[Caption-style text data]
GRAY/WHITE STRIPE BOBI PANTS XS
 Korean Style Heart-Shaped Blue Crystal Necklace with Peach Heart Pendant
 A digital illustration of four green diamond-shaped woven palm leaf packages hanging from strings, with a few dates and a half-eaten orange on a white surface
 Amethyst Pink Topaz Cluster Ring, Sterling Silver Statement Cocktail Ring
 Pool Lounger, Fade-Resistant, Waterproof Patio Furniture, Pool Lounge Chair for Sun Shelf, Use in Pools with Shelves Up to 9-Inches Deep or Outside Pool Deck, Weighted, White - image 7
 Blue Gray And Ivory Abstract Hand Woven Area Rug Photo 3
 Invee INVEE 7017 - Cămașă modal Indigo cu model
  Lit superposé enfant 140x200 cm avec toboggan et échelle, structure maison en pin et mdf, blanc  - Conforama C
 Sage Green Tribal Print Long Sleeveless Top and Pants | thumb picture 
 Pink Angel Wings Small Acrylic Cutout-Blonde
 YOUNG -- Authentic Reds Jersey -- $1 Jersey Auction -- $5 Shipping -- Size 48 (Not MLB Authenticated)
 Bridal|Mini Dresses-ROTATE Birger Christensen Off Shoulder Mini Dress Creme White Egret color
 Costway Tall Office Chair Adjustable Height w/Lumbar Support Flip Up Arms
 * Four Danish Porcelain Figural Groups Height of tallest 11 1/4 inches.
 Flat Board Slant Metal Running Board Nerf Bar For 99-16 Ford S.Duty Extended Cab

= WHAT YOU ARE ASKED TO DO =
Among the lines above, find those that contain the word "with" and copy them.

= ANSWER FOR THE TASK =
 Korean Style Heart-Shaped Blue Crystal Necklace with Peach Heart Pendant
 A digital illustration of four green diamond-shaped woven palm leaf packages hanging from strings, with a few dates and a half-eaten orange on a white surface
 Pool Lounger, Fade-Resistant, Waterproof Patio Furniture, Pool Lounge Chair for Sun Shelf, Use in Pools with Shelves Up to 9-Inches Deep or Outside Pool Deck, Weighted, White - image 7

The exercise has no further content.